Tax season is pretty much over now that April 15th is just around the corner. While many have already received their tax returns, there are others who are still waiting. For those of you that are still sitting tight, you’re probably hankering for that glorious check so that you can indulge in a big purchase, pay off debt, or pay outstanding bills.

Until 2013, the most popular method for getting your refund quickly was the Refund Anticipation Loan. The Refund Anticipation Loan (RAL) is a loan taken against the taxpayer’s anticipated tax refund. This loan usually lasts for 7-14 days before the IRS actually issues the refund check.

Although RALs allow you to get your cash a little bit earlier than waiting for a check from the IRS, they are both costly and inherently risky. Loan fees typically range from $30 to $130 and sometimes additional fees are added on top of that. If you expected a refund of around a few thousand dollars, you can see a significant chunk of change deducted from your refund as fees. Are all these additional costs worth getting your refund a mere week or two faster than waiting for the IRS?

In addition to these fees and costs, there is also risk involved with taking out a RAL. This loan must be repaid even if the IRS denies or delays your refund, or even if your refund is smaller than you anticipated. This can mean costly interest payments if you do not repay the loan and it will end up negatively affecting your credit score or your account being sent to a debt collector.

Be Careful

Many tax time advertisements for “Fast Cash Refunds,” “Money Now,” or “Instant Refunds” are actually Refund Anticipation Loans. These ads are targeted towards people who need money in a pinch and believe they cannot wait the extra week or two for their refund to come in. The fees involved and the risks of not getting enough money for your refund are too high to justify getting your money a little earlier.

There are ways to get your money as quickly as possible without taking out a Refund Anticipation Loan.
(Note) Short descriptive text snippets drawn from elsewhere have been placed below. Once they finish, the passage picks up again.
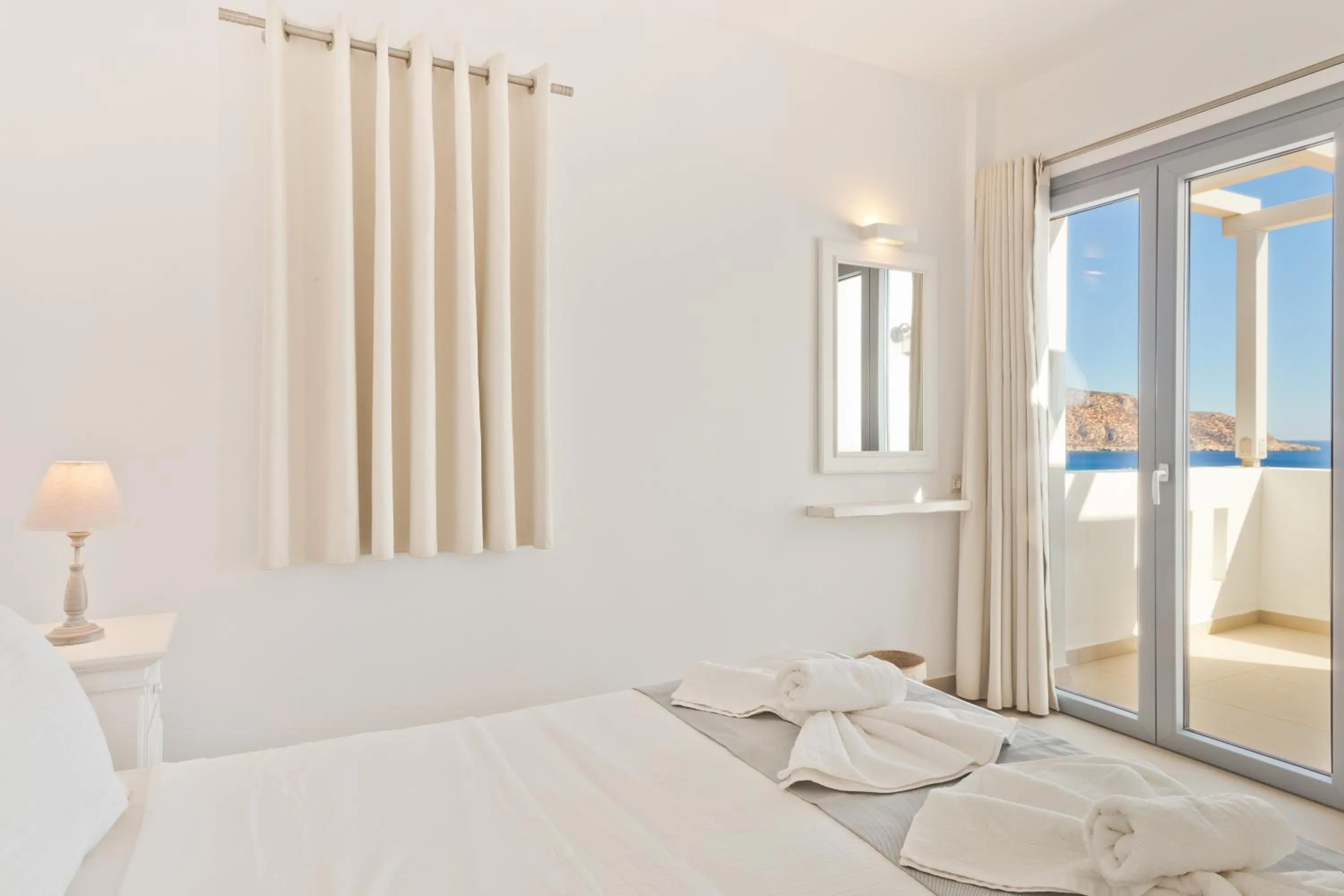 Bed in Alsalos villas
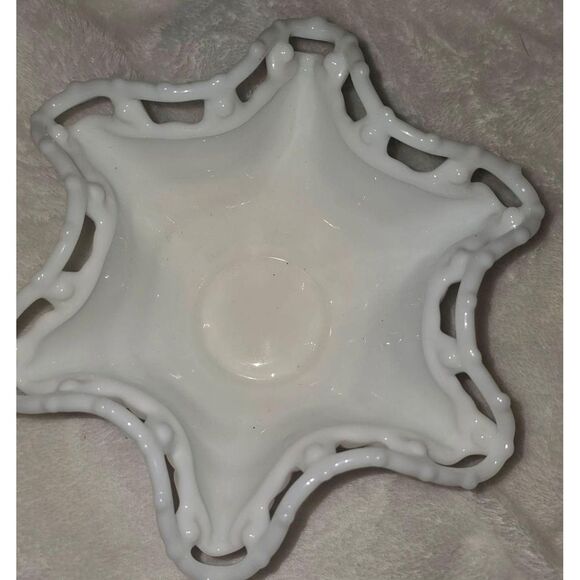 VintageWest Moreland  Milk Glass Openwork Lattice Edge Decorative Bowl Candy Dis - Picture 2 of 3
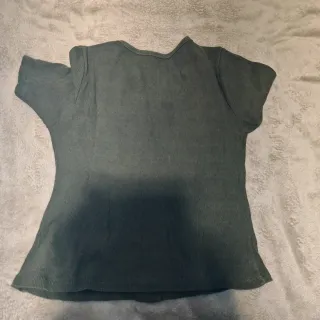 Camiseta verde con botones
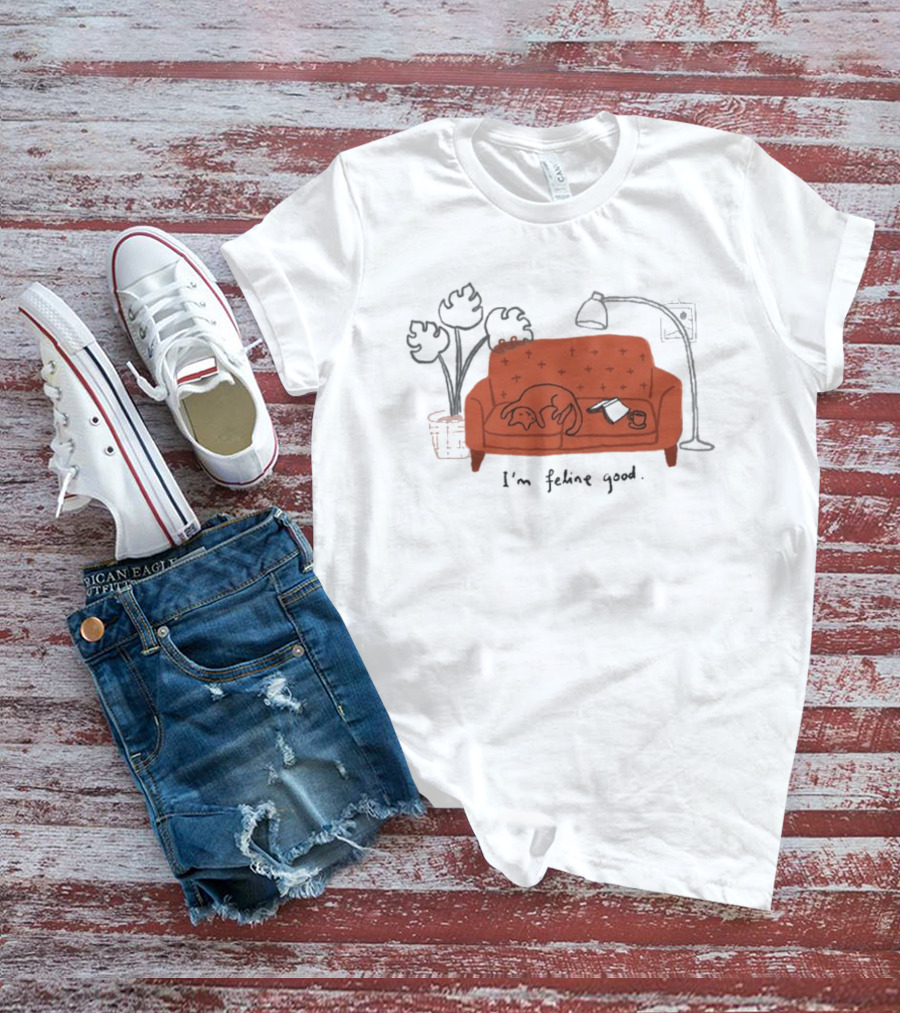 Wituka I'm Feline Good Cat On Couch With Coffee Cup And Lamp T-Shirt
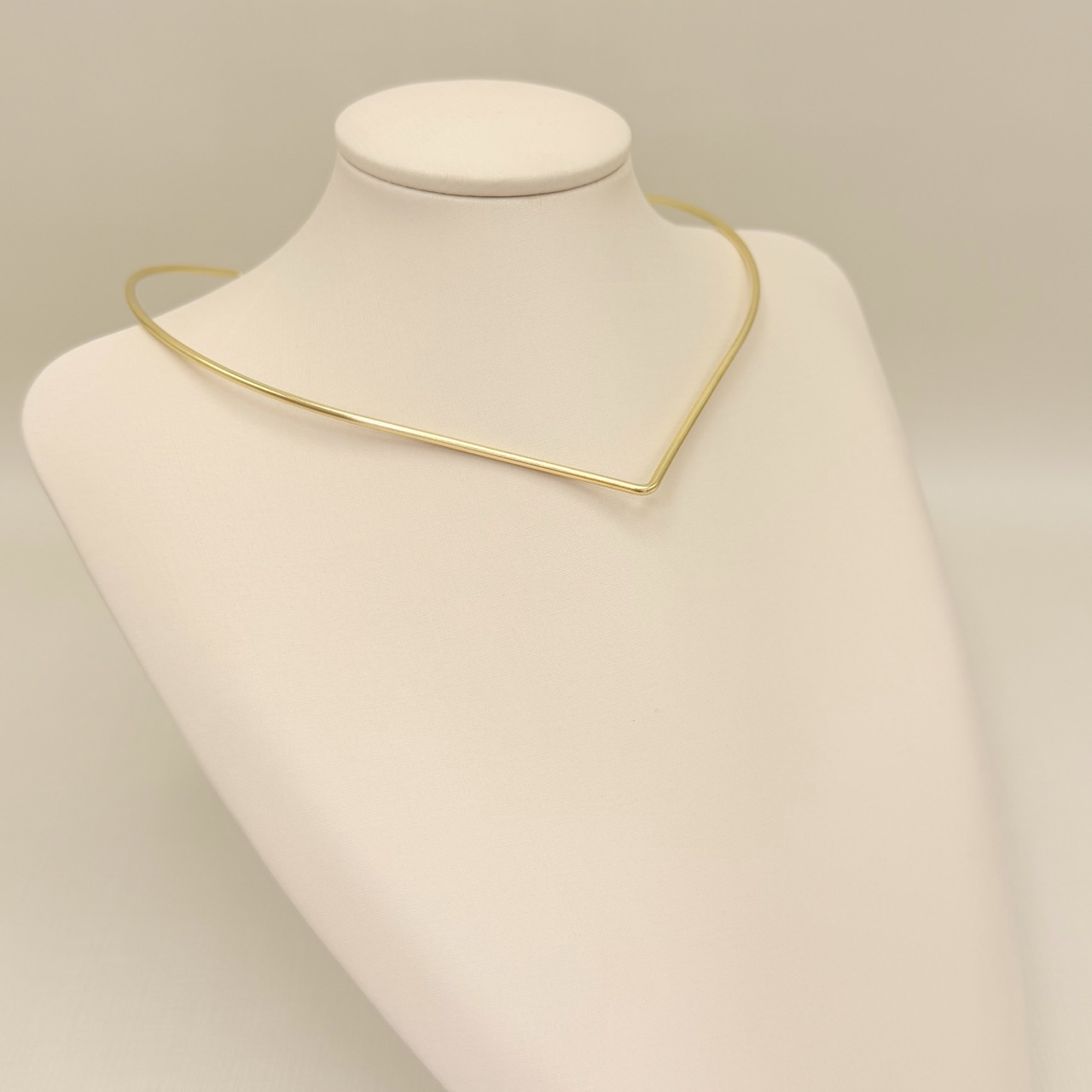 09.1875.0.O - (Aro V2) Colar de tubo em formato V liso aberto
Avoid the temptation of taking less money now instead of more money later.

Instead of putting yourself in a financial blunder, you can avoid the entire dilemma in the first place by following these five steps:

1. File Early

While this won’t help you now, it is something to keep in mind for next year. Filing your taxes earlier will not only improve your chances of getting a quick refund, but you will also be able to track the status of your tax refund if you do it online. You’ll be thanking your impatient self next year when you won’t have to wait until April.

2. Borrow the Money from a Friend or Family Member

One of the reasons you shouldn’t borrow against your tax refund is because you may not get as much as you anticipate. Since loans against tax refunds usually come with high interest rates, you end up further in debt. Borrowing money from a friend or family member saves you from that because you will probably not have to deal with interest and if you don’t get as much as you planned from the IRS, you’ll have longer to pay the loan back without penalties.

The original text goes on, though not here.